Click on the image above to download a moderately sized image in JPEG format (possibly reduced in size from original)

Original Caption Released with Image:

Shown here is one of the highest-resolution images of Io (Latitude: -60 to +20 degrees, Longitude: 150 to 230 degrees) acquired by the Galileo spacecraft, revealing a great variety of landforms. There are rugged mountains several miles high, layered materials forming plateaus, and many irregular depressions called volcanic calderas. Similar landforms were seen near Io's south pole by the Voyager spacecraft, but Galileo has revealed that such landforms are ubiquitous. Several of the dark, flow-like features correspond to hot spots, and may be active lava flows. There are no landforms resembling impact craters, as the volcanism covers the surface with new deposits much more rapidly than the flux of comets and asteroids can create large impact craters.
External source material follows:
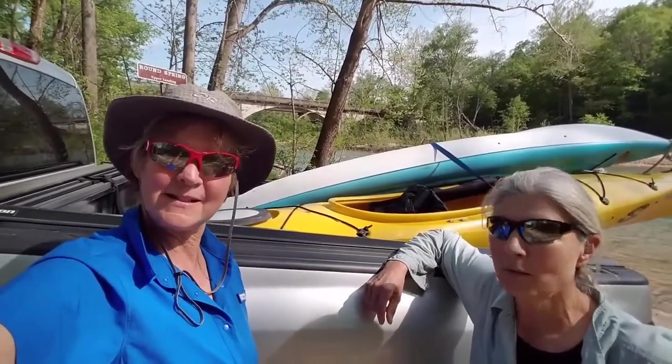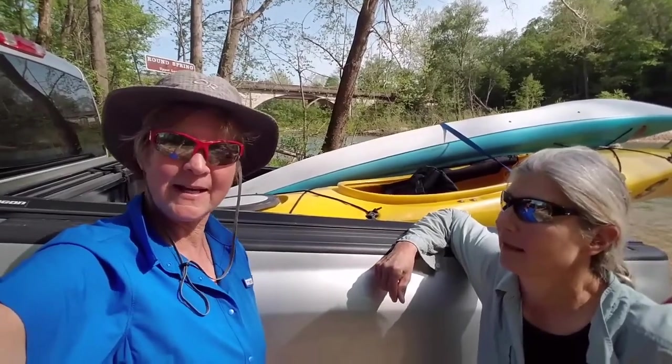Well, we finished our day on the Current River — super, super fun. It's awesome, what a great, great activity. And we just about lost Nettie a hundred yards from the end. We go for 20 miles and a hundred yards before we stop, and she flips. Unbelievable. Super dumb. Always fun.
North is to the top of the picture and the sun illuminates the surface from the left. The image covers an area 2000 kilometers wide and the smallest features that can be discerned are 2.5 kilometers in size. This image was taken on November 6th, 1996, at a range of 245,719 kilometers by the Solid State Imaging (CCD) system on the Galileo Spacecraft.

Launched in October 1989, Galileo entered orbit around Jupiter on December 7, 1995. The spacecraft's mission is to conduct detailed studies of the giant planet, its largest moons and the Jovian magnetic environment. The Jet Propulsion Laboratory, Pasadena, CA manages the mission for NASA's Office of Space Science, Washington, DC.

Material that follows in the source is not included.